WORK INSTRUCTION: Everything from the line that contains "a room filled" to the final line of the data, both ends included, must be set down exactly, apart from the pictures.

EXERCISE DATA:

+++++

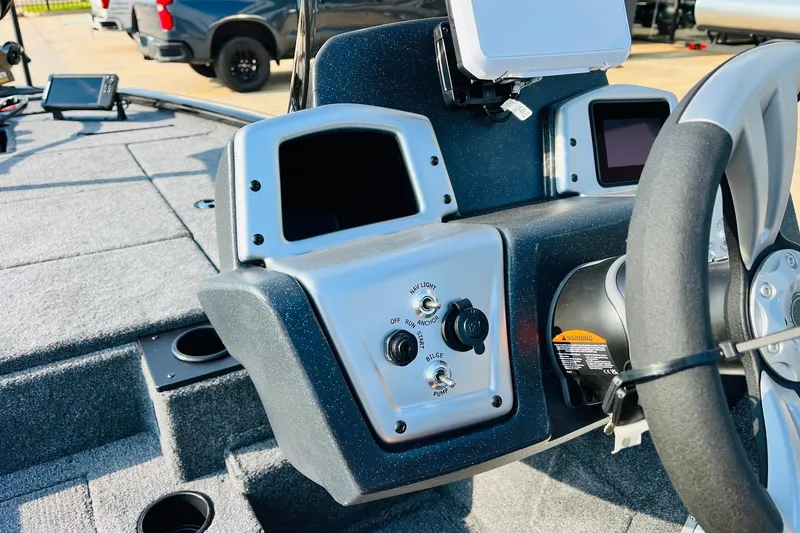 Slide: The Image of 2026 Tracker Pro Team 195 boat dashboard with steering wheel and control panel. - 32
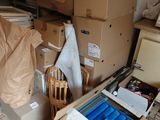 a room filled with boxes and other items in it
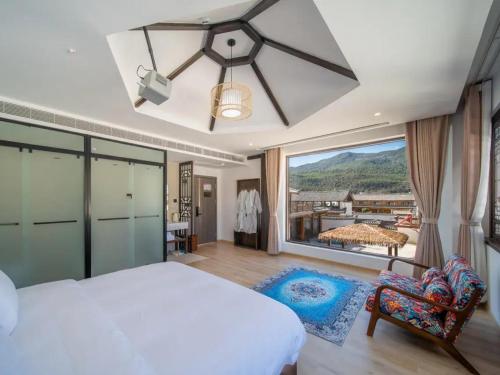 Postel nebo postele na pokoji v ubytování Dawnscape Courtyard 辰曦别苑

+++++

WRITTEN ANSWER:
 a room filled with boxes and other items in it
 Postel nebo postele na pokoji v ubytování Dawnscape Courtyard 辰曦别苑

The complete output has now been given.